■ Work order
For the material below, the expected output is exactly the lines between the line holding "Стол письменный Xten-Q" and the line holding "Bullzye Women’s Bec Ruggers - Black", inclusive, with pictures left out.

■ Data for this task

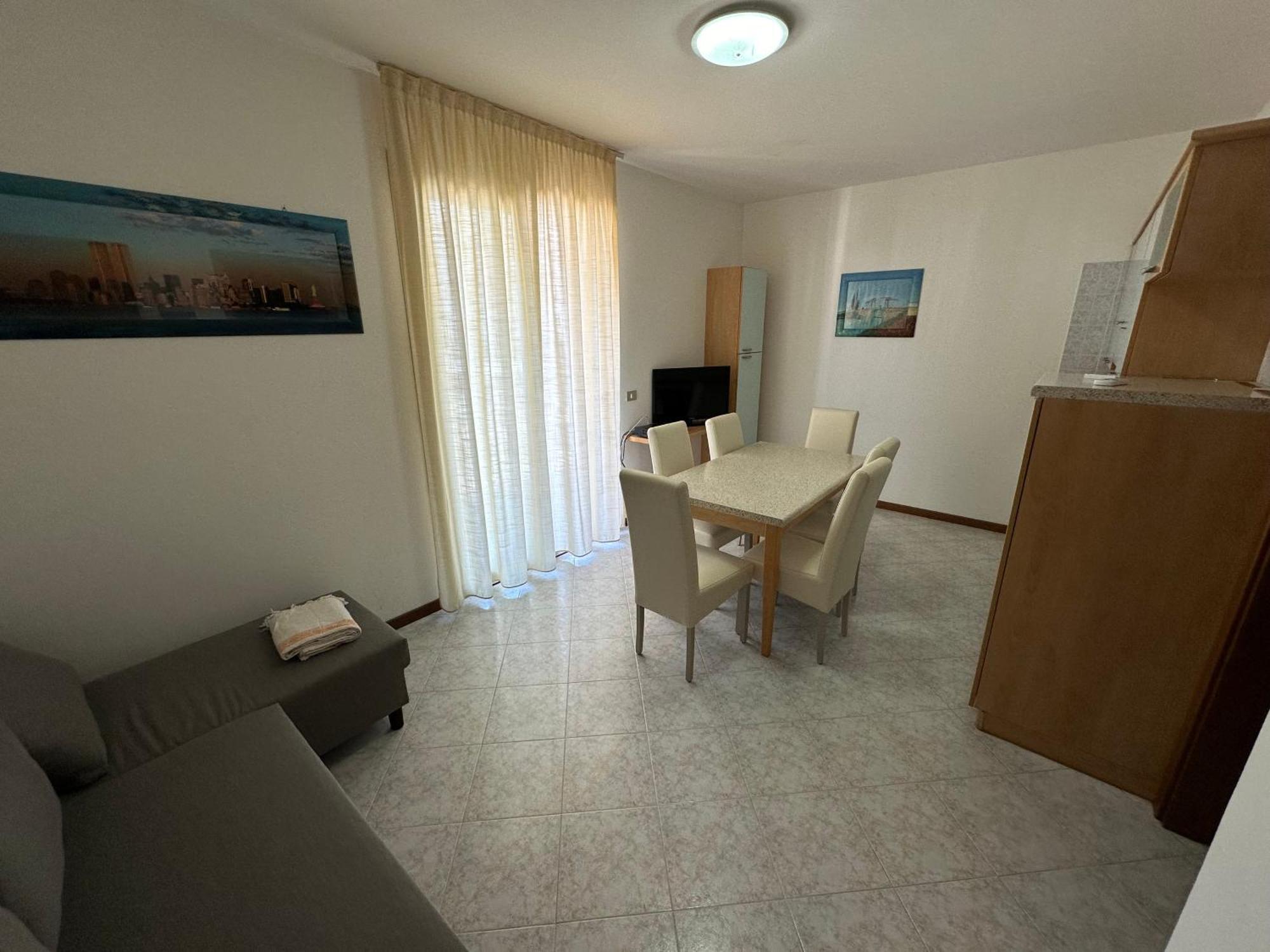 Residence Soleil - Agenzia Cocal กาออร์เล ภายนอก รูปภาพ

--

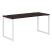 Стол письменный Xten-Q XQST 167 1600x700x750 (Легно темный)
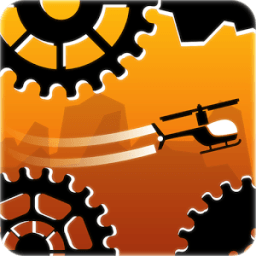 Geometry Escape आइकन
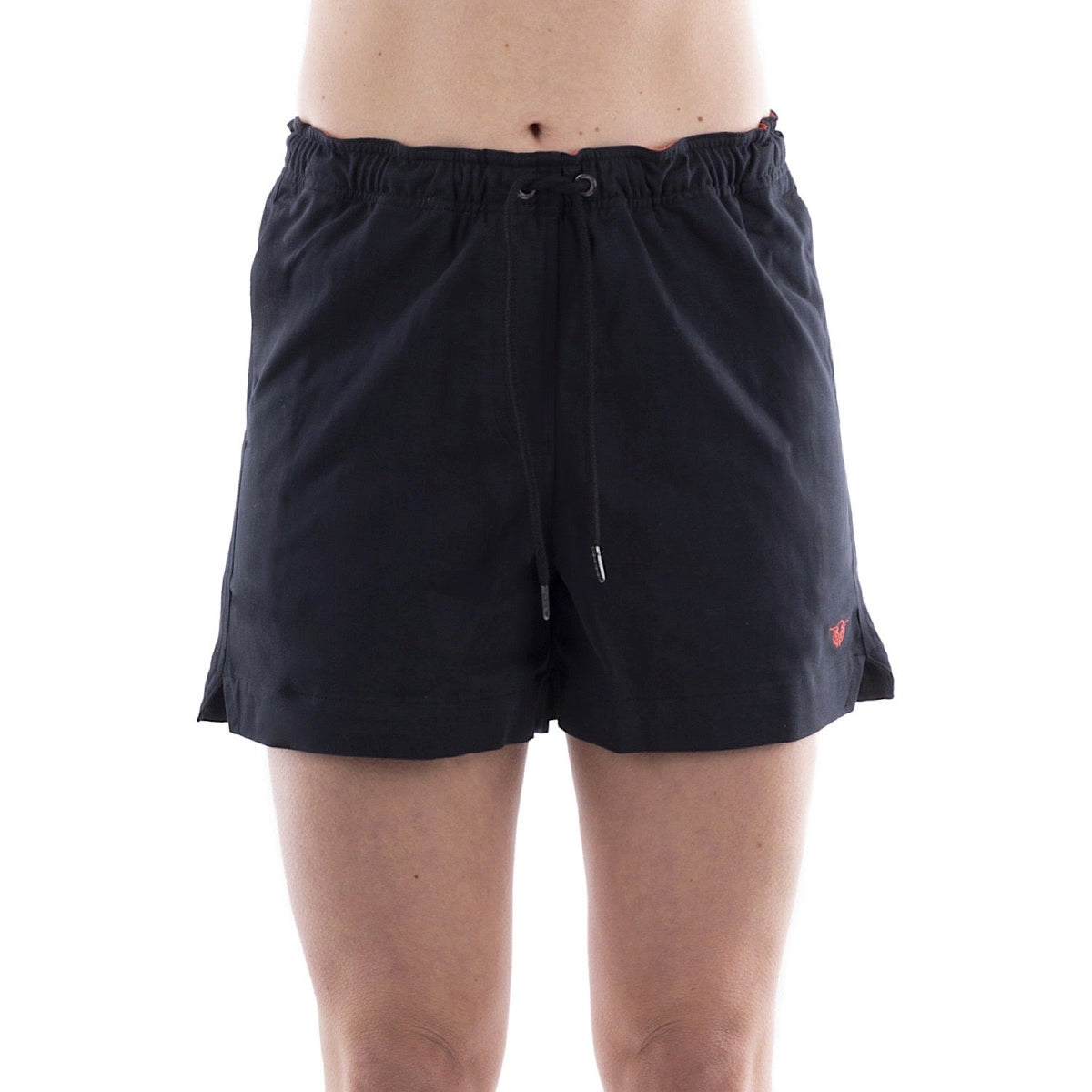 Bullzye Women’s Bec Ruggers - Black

■ Result
 Стол письменный Xten-Q XQST 167 1600x700x750 (Легно темный)
 Geometry Escape आइकन
 Bullzye Women’s Bec Ruggers - Black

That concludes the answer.